** BRIEF **
Pictures stay out of the copy, and everything else in the data below is repeated exactly.

** INFORMATION PROVIDED **
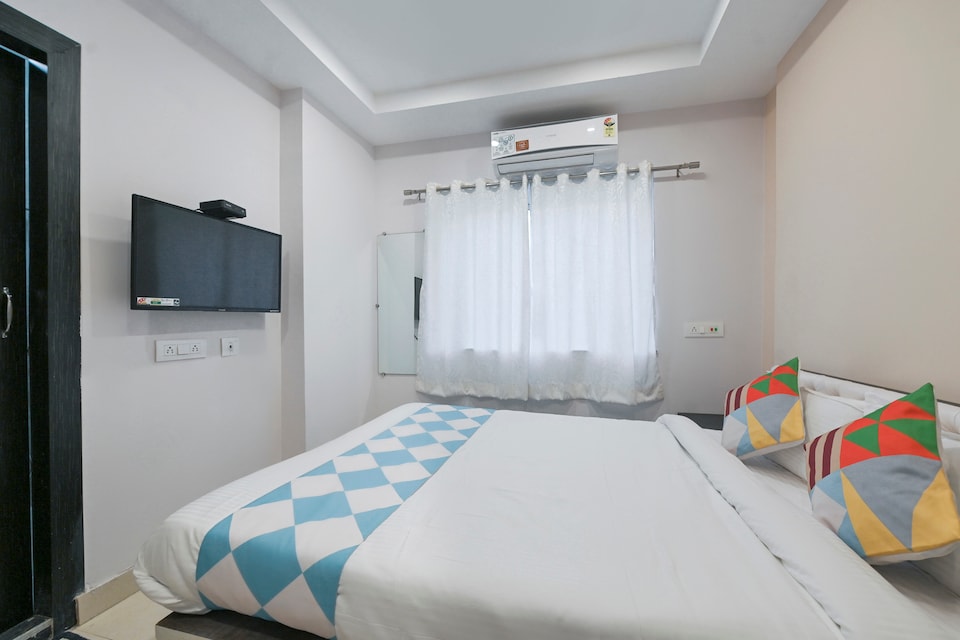 OYO Home 48030 Comfortable Stay Newtown, Rajarhat Kolkata, Kolkata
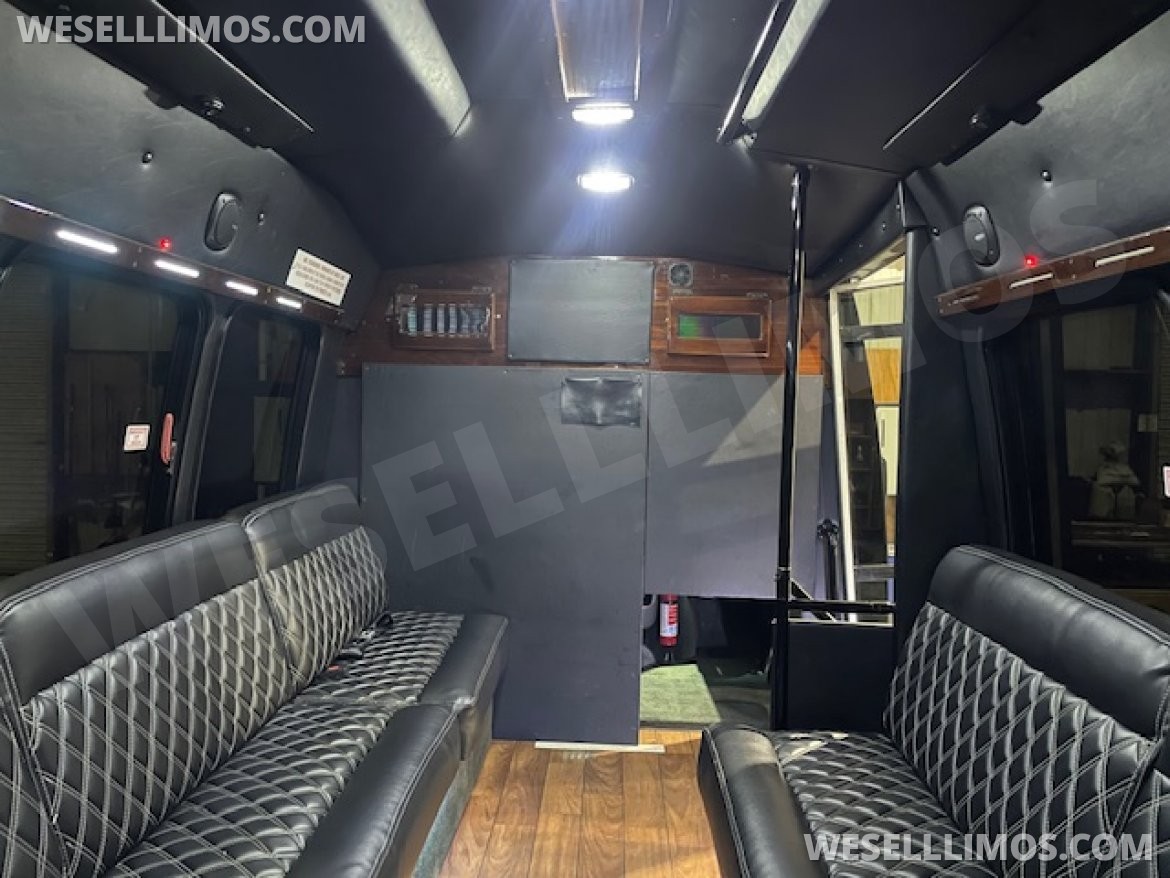 Limo Bus for Sale in Austin, TX - Photo 17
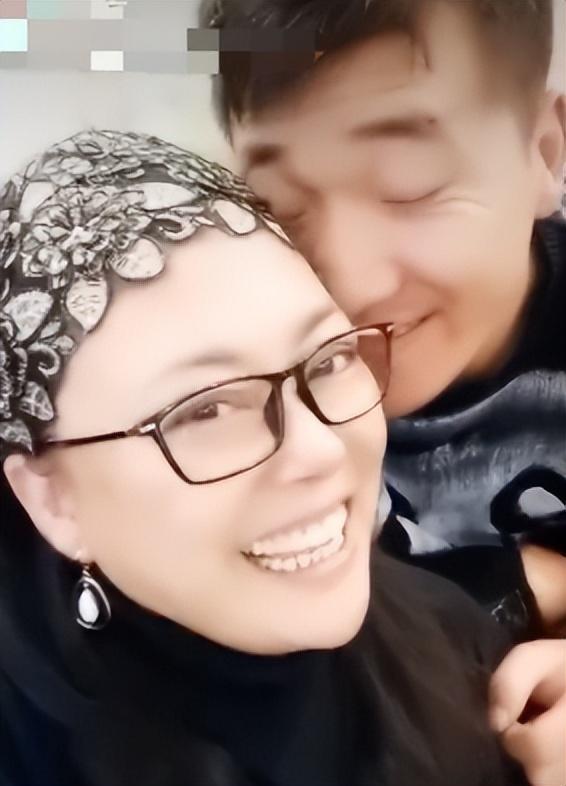 李菁菁老公刘振宣布离婚,正在离婚冷静期,露面直播眼角含泪|李菁菁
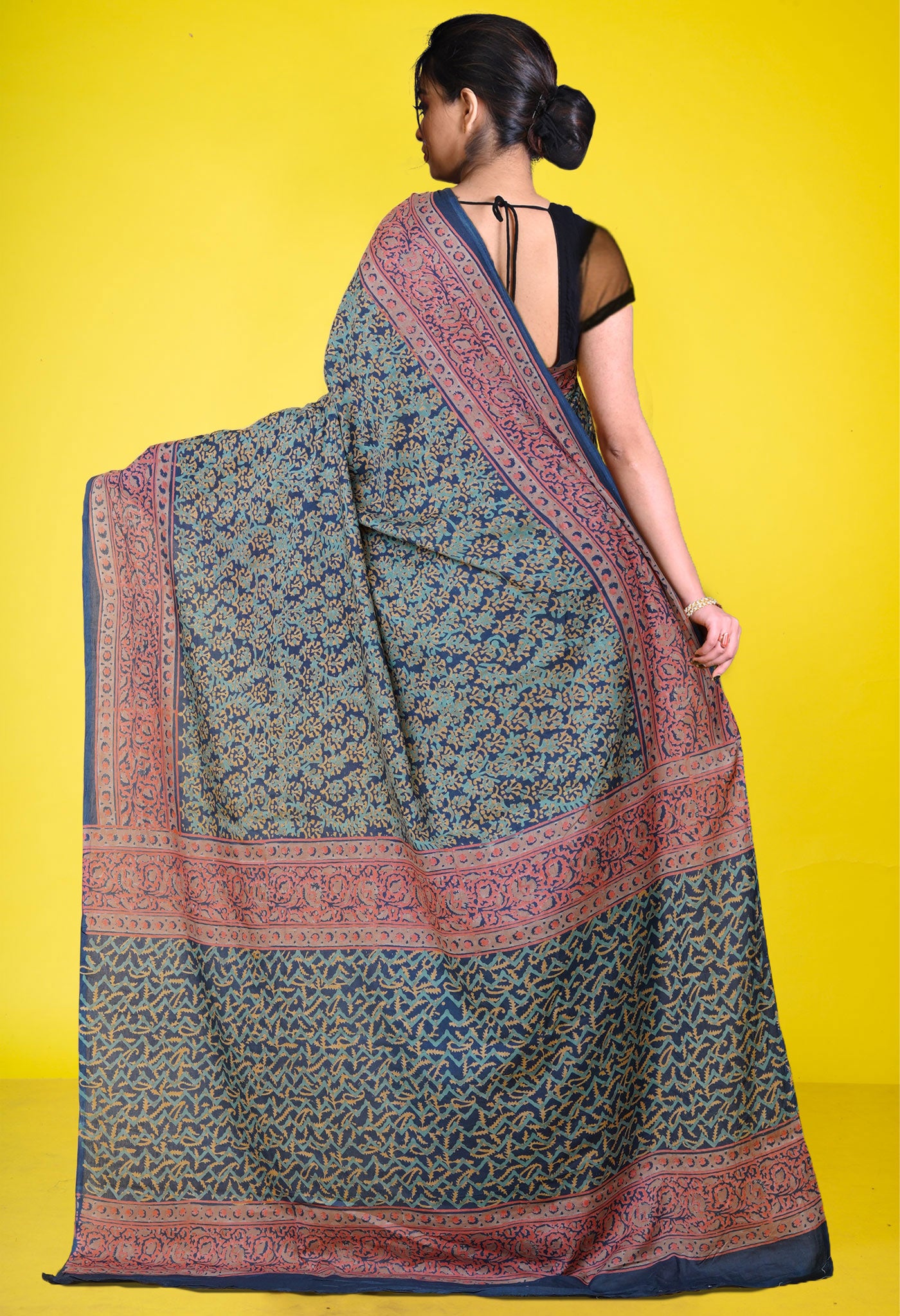 Grey Pure Discharge Printed Soft Cotton Saree-UNM79889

** ANSWER BOX **
 OYO Home 48030 Comfortable Stay Newtown, Rajarhat Kolkata, Kolkata
 Limo Bus for Sale in Austin, TX - Photo 17
 李菁菁老公刘振宣布离婚,正在离婚冷静期,露面直播眼角含泪|李菁菁
 Grey Pure Discharge Printed Soft Cotton Saree-UNM79889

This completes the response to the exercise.